1966. Le retrait de l’OTAN


La décision du général de Gaulle de retirer la France de l’OTAN est le terme final d’une politique d’indépendance nationale qui s’est déjà manifestée par plusieurs mesures. En mars 1959, la flotte française de Méditerranée (en juin 1963, il en est de même pour les flottes de la Manche et de l’Atlantique) quitte le commandement intégré. Dans le même temps, interdiction est faite aux Américains d’introduire des bombes atomiques sur le territoire national. En février 1966, de Gaulle annonce le retrait de toutes les unités françaises hors du commandement intégré de l’OTAN et demande le départ de toutes les bases étrangères installées sur le territoire français. Il rend compte de cette décision dans sa conférence de presse du 21 février.

 

Eh bien ! Si la France considère qu’encore aujourd’hui il est utile à sa sécurité et à celle de l’Occident qu’elle soit alliée à un certain nombre d’États, notamment à l’Amérique, pour leur défense et pour la sienne dans le cas d’une agression commise contre l’un d’eux, si la déclaration faite en commun, à ce sujet, sous forme du traité de l’alliance Atlantique1 signé à Washington le 4 avril 1949, reste à ses yeux toujours valable, elle reconnaît, en même temps, que les mesures d’application qui ont été prises par la suite ne répondent plus à ce qu’elle juge satisfaisant, pour ce qui la concerne, dans les conditions nouvelles.

Je dis : les conditions nouvelles.
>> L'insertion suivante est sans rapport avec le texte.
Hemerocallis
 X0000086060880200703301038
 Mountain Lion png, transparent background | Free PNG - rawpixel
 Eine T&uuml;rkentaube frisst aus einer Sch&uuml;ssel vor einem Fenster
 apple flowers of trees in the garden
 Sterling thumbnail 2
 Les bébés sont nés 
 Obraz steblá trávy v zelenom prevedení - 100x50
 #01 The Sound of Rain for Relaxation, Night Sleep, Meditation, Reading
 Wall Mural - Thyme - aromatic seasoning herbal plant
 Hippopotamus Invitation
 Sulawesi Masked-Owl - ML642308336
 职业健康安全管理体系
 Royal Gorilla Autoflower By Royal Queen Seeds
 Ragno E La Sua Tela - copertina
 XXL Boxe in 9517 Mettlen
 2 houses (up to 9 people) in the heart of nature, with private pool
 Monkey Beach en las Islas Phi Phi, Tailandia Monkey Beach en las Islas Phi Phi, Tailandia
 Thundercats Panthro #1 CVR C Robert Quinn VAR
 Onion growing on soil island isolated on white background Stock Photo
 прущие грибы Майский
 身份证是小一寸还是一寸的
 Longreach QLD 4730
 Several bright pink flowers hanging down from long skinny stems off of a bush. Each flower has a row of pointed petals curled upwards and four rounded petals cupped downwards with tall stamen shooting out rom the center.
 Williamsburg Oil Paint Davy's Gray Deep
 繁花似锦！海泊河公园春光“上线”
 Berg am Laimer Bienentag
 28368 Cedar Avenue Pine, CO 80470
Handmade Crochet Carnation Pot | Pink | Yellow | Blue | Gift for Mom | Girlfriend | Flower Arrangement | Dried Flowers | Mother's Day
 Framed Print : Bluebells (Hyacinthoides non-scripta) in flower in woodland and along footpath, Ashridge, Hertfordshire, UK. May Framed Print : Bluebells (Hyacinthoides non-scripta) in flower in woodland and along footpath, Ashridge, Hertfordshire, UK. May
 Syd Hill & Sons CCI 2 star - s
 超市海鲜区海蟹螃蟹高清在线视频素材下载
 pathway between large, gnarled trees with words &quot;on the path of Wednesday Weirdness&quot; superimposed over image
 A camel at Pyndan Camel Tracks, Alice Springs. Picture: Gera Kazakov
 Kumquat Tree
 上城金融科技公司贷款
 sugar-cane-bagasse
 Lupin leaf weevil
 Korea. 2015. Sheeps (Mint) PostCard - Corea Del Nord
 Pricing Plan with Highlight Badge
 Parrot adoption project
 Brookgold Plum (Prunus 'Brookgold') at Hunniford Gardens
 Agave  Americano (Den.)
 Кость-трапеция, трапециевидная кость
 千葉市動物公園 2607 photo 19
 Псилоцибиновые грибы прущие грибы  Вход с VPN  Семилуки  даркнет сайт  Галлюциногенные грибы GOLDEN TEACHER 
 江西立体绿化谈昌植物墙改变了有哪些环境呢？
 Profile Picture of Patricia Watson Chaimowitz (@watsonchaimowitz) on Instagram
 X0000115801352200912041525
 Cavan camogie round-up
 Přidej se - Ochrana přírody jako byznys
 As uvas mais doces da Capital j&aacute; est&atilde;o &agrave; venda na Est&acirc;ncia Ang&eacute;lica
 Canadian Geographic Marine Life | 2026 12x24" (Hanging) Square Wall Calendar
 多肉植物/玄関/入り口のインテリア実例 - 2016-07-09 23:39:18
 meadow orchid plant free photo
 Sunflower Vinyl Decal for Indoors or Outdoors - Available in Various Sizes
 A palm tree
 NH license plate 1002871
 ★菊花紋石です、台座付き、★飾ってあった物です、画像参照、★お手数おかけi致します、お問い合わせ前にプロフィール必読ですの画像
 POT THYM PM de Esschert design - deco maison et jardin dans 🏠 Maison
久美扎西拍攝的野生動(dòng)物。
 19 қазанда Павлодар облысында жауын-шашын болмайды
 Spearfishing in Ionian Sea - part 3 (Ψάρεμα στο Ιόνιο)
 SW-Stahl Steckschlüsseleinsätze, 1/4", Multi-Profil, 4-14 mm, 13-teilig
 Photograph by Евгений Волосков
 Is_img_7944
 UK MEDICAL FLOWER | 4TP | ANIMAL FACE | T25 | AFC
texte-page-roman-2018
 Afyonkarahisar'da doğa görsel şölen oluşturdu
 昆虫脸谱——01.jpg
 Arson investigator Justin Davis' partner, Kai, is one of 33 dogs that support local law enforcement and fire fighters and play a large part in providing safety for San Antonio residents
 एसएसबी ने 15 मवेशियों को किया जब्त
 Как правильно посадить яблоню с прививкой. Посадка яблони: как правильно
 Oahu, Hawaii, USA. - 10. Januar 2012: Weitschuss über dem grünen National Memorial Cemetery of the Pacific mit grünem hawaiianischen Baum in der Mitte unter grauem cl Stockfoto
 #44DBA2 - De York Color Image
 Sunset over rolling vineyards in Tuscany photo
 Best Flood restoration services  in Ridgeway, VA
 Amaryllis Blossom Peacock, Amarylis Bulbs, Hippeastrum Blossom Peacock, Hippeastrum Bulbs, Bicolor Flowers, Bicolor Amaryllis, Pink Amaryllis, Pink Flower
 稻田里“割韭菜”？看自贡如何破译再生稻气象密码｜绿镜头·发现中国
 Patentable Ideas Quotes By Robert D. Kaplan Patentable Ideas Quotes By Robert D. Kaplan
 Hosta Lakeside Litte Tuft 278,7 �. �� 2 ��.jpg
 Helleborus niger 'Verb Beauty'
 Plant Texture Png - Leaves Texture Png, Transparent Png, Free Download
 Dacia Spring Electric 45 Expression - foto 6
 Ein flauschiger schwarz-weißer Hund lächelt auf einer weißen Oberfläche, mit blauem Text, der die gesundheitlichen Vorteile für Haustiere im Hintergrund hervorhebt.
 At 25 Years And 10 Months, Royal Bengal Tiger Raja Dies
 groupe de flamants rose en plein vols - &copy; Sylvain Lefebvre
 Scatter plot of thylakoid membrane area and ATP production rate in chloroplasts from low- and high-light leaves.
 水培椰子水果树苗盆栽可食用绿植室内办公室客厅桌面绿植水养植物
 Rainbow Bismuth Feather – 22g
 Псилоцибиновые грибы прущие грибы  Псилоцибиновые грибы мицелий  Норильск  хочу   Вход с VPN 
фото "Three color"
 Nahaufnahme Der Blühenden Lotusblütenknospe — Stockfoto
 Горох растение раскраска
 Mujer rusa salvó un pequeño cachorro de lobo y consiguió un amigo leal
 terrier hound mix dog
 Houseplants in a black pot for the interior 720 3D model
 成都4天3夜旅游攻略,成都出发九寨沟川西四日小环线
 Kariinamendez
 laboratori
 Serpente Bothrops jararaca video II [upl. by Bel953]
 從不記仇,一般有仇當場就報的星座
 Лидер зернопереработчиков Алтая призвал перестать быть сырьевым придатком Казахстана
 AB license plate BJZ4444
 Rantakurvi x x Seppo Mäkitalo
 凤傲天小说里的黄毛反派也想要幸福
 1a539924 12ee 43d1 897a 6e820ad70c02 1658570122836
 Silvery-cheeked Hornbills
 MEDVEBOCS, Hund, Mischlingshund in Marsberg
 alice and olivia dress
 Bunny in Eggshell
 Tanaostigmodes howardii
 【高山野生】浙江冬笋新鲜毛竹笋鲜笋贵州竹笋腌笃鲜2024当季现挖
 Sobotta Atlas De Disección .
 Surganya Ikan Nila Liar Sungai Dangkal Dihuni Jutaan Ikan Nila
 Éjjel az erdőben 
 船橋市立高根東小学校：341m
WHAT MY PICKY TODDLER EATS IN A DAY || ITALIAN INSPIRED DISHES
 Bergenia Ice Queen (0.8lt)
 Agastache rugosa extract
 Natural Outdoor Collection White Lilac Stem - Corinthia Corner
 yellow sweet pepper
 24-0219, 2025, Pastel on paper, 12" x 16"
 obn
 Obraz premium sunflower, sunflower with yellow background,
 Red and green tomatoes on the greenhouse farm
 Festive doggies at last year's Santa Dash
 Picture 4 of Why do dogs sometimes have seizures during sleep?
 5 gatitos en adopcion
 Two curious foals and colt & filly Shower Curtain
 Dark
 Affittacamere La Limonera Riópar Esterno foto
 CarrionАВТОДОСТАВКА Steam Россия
Il est bien clair, en effet, qu’en raison de l’évolution intérieure et extérieure des pays de l’Est le monde occidental n’est plus aujourd’hui menacé comme il l’était à l’époque où le protectorat américain fut organisé en Europe sous le couvert de l’OTAN2. Mais en même temps que s’estompaient les alarmes, se réduisait la garantie de sécurité, autant vaut dire absolue, que donnaient à l’ancien Continent la possession par la seule Amérique de l’armement atomique et la certitude qu’elle l’emploierait sans restriction dans le cas d’une agression. Car, la Russie soviétique s’est, depuis lors, dotée d’une puissance nucléaire capable de frapper directement les États-Unis, ce qui a rendu, pour le moins, indéterminées les décisions des Américains quant à l’emploi éventuel de leurs bombes et a, du coup, privé de justification — je parle pour la France — non certes l’alliance, mais bien l’intégration.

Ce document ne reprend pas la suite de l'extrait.